YOUR OBJECTIVE: Only one span of the listing below is wanted: the lines from the one with "Primary Photo Of" through the one with "Kovarik Apartments I Olomouc Buitenkant foto", reproduced exactly, both ends kept.

===

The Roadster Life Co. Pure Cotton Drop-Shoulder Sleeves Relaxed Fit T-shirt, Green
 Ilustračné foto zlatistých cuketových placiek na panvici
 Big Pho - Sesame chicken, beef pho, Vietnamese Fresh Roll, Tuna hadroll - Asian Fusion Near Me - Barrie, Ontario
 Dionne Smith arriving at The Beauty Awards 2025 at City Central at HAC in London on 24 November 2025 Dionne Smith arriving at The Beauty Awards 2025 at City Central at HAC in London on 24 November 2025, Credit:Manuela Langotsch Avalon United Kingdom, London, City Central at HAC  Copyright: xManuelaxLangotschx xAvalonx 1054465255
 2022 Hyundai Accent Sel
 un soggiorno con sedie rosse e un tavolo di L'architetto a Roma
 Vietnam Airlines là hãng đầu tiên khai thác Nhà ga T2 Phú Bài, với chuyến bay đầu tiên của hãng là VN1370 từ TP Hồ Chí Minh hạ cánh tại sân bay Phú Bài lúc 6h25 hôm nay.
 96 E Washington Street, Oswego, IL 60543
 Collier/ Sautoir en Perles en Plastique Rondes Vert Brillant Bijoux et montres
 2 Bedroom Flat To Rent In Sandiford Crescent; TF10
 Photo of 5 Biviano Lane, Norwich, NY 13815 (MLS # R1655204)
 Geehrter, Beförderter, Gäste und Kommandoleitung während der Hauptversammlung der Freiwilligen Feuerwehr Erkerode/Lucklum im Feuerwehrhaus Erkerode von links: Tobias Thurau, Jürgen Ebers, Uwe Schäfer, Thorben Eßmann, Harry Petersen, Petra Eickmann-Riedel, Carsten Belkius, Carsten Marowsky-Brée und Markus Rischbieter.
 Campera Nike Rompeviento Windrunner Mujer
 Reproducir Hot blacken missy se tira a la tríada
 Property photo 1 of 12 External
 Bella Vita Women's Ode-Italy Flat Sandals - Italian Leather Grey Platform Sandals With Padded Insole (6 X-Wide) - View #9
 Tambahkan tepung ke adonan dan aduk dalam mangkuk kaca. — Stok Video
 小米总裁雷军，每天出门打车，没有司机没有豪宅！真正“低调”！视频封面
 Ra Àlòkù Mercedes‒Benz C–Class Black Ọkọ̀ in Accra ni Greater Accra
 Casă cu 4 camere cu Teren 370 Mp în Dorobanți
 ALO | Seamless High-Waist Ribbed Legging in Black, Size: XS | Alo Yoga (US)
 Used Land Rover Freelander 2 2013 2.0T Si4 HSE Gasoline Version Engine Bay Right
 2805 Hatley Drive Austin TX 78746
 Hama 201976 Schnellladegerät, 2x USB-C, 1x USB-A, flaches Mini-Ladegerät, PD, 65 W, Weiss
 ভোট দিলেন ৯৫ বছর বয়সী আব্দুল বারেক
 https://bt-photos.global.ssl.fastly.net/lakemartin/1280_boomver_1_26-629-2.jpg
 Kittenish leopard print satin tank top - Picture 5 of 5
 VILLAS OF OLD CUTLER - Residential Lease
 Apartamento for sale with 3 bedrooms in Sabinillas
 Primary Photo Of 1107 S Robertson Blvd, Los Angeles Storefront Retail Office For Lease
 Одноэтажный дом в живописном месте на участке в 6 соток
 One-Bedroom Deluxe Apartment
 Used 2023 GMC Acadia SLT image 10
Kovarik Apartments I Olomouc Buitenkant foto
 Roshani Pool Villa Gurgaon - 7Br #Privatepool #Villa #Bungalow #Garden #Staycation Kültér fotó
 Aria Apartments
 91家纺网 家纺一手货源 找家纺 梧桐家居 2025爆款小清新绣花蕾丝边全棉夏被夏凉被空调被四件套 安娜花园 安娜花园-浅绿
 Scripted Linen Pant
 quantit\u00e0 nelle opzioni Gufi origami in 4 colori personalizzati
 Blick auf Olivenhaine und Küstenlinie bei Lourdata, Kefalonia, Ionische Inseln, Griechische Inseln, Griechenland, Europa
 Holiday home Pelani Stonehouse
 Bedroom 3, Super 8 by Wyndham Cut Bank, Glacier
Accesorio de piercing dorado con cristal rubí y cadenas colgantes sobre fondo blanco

===

COMPLETED EXERCISE:
 Primary Photo Of 1107 S Robertson Blvd, Los Angeles Storefront Retail Office For Lease
 Одноэтажный дом в живописном месте на участке в 6 соток
 One-Bedroom Deluxe Apartment
 Used 2023 GMC Acadia SLT image 10
Kovarik Apartments I Olomouc Buitenkant foto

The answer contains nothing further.